#### Instructions to follow
Give back exactly the lines from the beginning of the listing below to the line holding "null si no se encuentra", both ends included; the pictures stay out.

#### Dataset
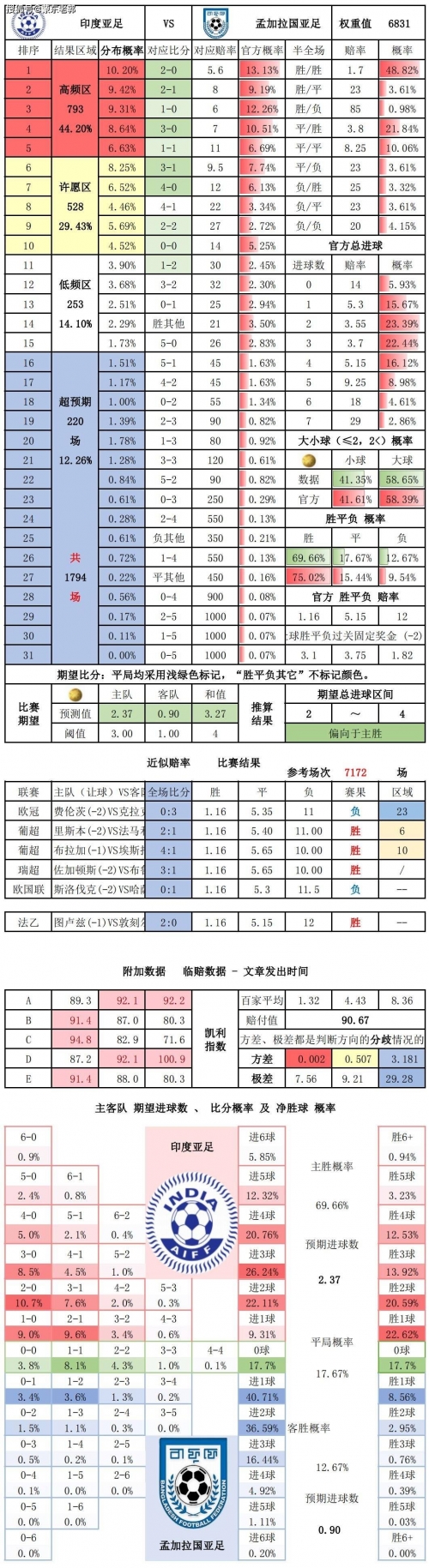 90比分即时足球比分localPC端90分钟即时足球比分概览-第2张图片
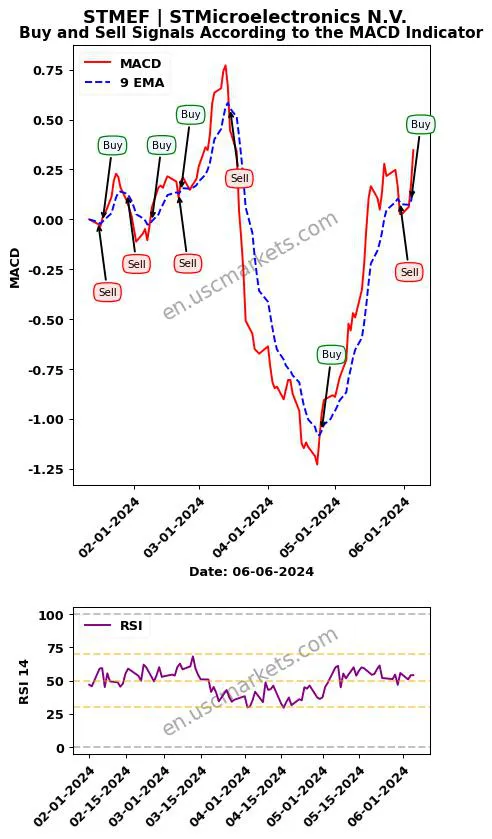 STMEF buy or sell review STMicroelectronics N.V. MACD chart analysis STMEF price
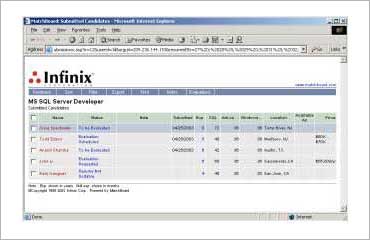 mRecruiter - Sample List of Shortlisted Candidates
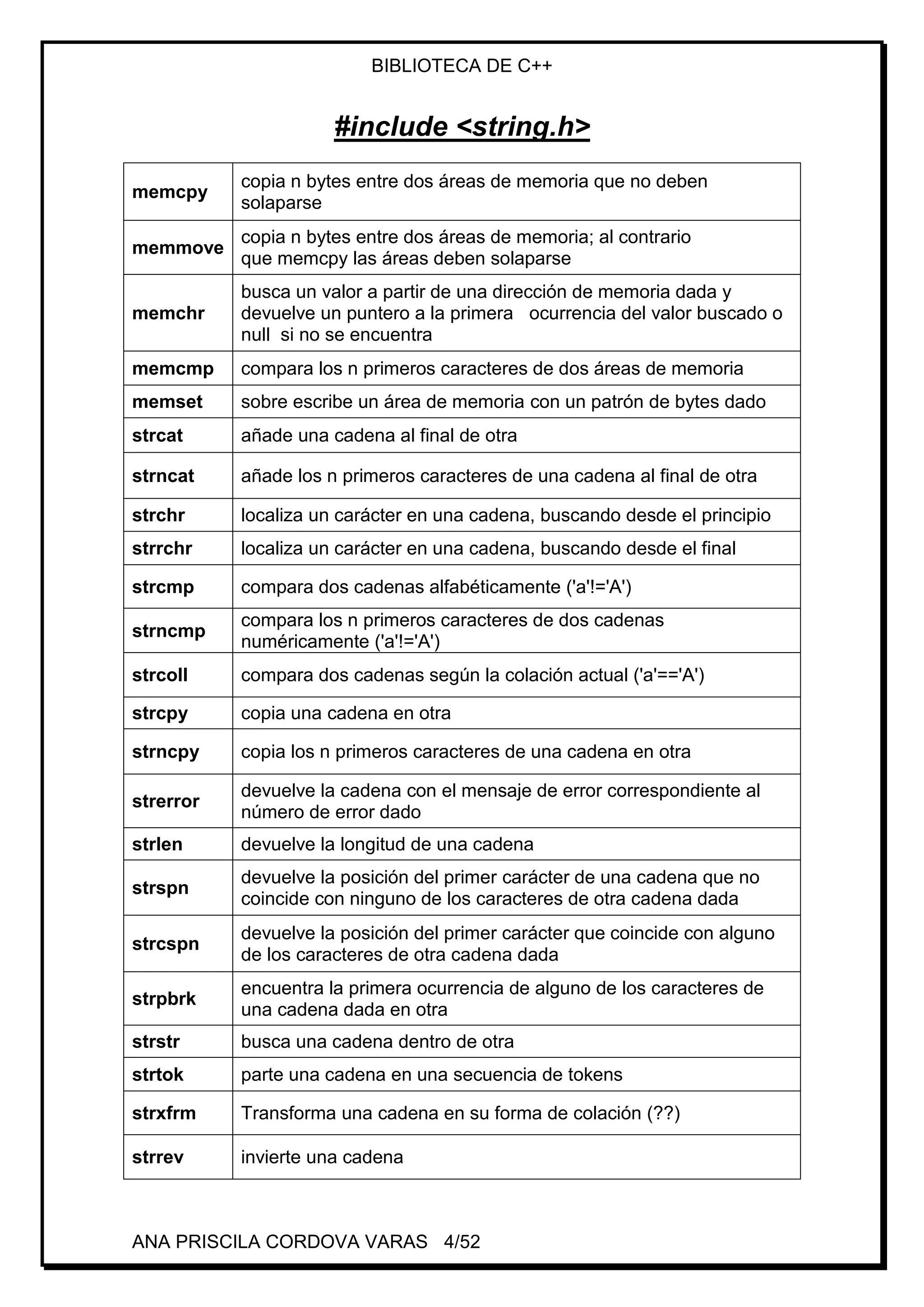 BIBLIOTECA DE C++
ANA PRISCILA CORDOVA VARAS 4/52
#include <string.h>
memcpy
copia n bytes entre dos áreas de memoria que no deben
solaparse
memmove
copia n bytes entre dos áreas de memoria; al contrario
que memcpy las áreas deben solaparse
memchr
busca un valor a partir de una dirección de memoria dada y
devuelve un puntero a la primera ocurrencia del valor buscado o
null si no se encuentra
memcmp compara los n primeros caracteres de dos áreas de memoria
memset sobre escribe un área de memoria con un patrón de bytes dado
strcat añade una cadena al final de otra
strncat añade los n primeros caracteres de una cadena al final de otra
strchr localiza un carácter en una cadena, buscando desde el principio
strrchr localiza un carácter en una cadena, buscando desde el final
strcmp compara dos cadenas alfabéticamente ('a'!='A')
strncmp
compara los n primeros caracteres de dos cadenas
numéricamente ('a'!='A')
strcoll compara dos cadenas según la colación actual ('a'=='A')
strcpy copia una cadena en otra
strncpy copia los n primeros caracteres de una cadena en otra
strerror
devuelve la cadena con el mensaje de error correspondiente al
número de error dado
strlen devuelve la longitud de una cadena
strspn
devuelve la posición del primer carácter de una cadena que no
coincide con ninguno de los caracteres de otra cadena dada
strcspn
devuelve la posición del primer carácter que coincide con alguno
de los caracteres de otra cadena dada
strpbrk
encuentra la primera ocurrencia de alguno de los caracteres de
una cadena dada en otra
strstr busca una cadena dentro de otra
strtok parte una cadena en una secuencia de tokens
strxfrm Transforma una cadena en su forma de colación (??)
strrev invierte una cadena
 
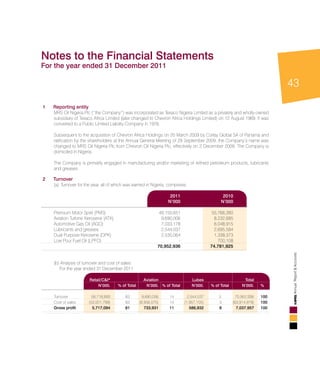 43
AnnualReport&Accounts
1	Reporting entity
	 MRS Oil Nigeria Plc (‘’the Company’’) was incorporated as Texaco Nigeria Limited as a privately and wholly-owned
subsidiary of Texaco Africa Limited (later changed to Chevron Africa Holdings Limited) on 12 August 1969. It was
converted to a Public Limited Liability Company in 1978.							
										
	 Subsequent to the acquisition of Chevron Africa Holdings on 20 March 2009 by Corlay Global SA of Panama and
ratification by the shareholders at the Annual General Meeting of 29 September 2009, the Company’s name was
changed to MRS Oil Nigeria Plc from Chevron Oil Nigeria Plc, effectively on 2 December 2009. The Company is
domiciled in Nigeria.											
						
	 The Company is primarily engaged in manufacturing and/or marketing of refined petroleum products, lubricants
and greases.						
2	 Turnover												
	(a)	Turnover for the year, all of which was earned in Nigeria, comprises:						
										
		 2011	 2010	
		N’000	N’000	
						
Premium Motor Spirit (PMS) 	 49,150,651 	 55,766,260
	 Aviation Turbine Kerosene (ATK) 	 9,690,006 	 8,232,685
	 Automotive Gas Oil (AGO) 	 7,033,178 	 6,048,915
	 Lubricants and greases 	 2,544,037 	 2,695,584
	 Dual Purpose Kerosene (DPK) 	 2,535,064 	 1,338,373
	 Low Pour Fuel Oil (LPFO) 	 - 	 700,108
		 70,952,936 	 74,781,925	
														
	 (b) Analysis of turnover and cost of sales:									
	 For the year ended 31 December 2011								
								
	 	 Retail/C&I*		 Aviation		 Lubes		 Total 			
	N’000.	 % of Total	N’000.	 % of Total	N’000.	 % of Total	N’000.		%	
	
	 Turnover	 58,718,893 	 83	 9,690,006 	 14 	 2,544,037 	 3	 70,952,936 		100	
Cost of sales	 (53,001,799)	 83 	 (8,956,075)	 14 	 (1,957,105)	 3 	 (63,914,979)		100	
Gross profit	 5,717,094 	 81 	 733,931 	 11 	 586,932 	 8 	 7,037,957 		100	
										
Notes to the Financial Statements				
For the year ended 31 December 2011	
 
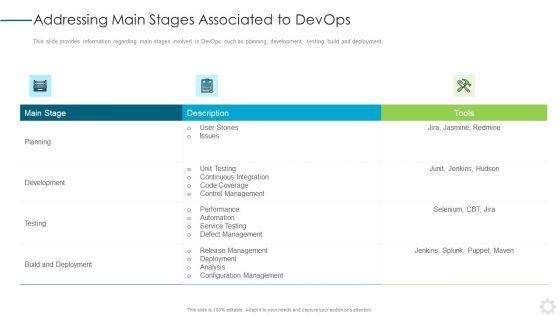 Addressing Main Stages Associated To Devops Download PDF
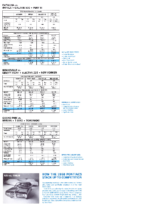 1968 Pontiac Pocket Comparison Sheet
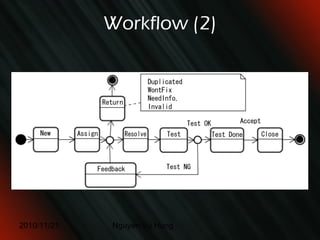 Multiple Repository Support per environment (since 0.12)  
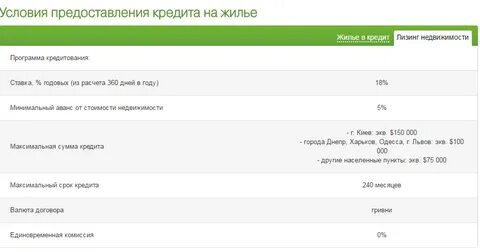 Быстрый кредит условия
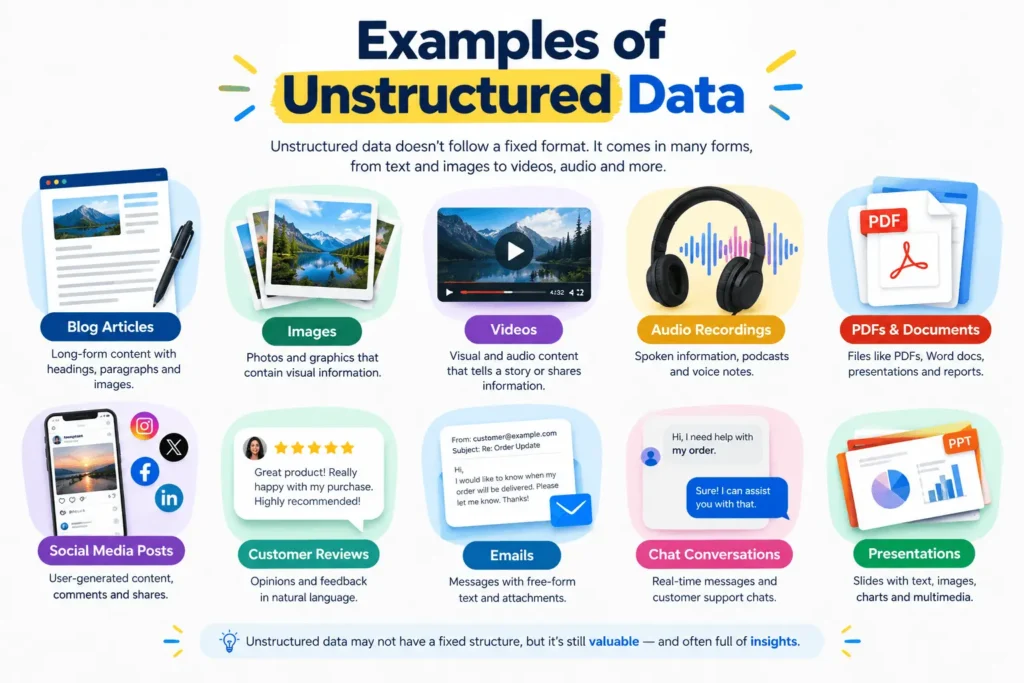 Examples of Unstructured Data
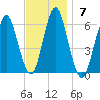 Cedar Beach tide chart for Sunday, November 7, 2021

#### Expected answer
 90比分即时足球比分localPC端90分钟即时足球比分概览-第2张图片
 STMEF buy or sell review STMicroelectronics N.V. MACD chart analysis STMEF price
 mRecruiter - Sample List of Shortlisted Candidates
 BIBLIOTECA DE C++
ANA PRISCILA CORDOVA VARAS 4/52
#include <string.h>
memcpy
copia n bytes entre dos áreas de memoria que no deben
solaparse
memmove
copia n bytes entre dos áreas de memoria; al contrario
que memcpy las áreas deben solaparse
memchr
busca un valor a partir de una dirección de memoria dada y
devuelve un puntero a la primera ocurrencia del valor buscado o
null si no se encuentra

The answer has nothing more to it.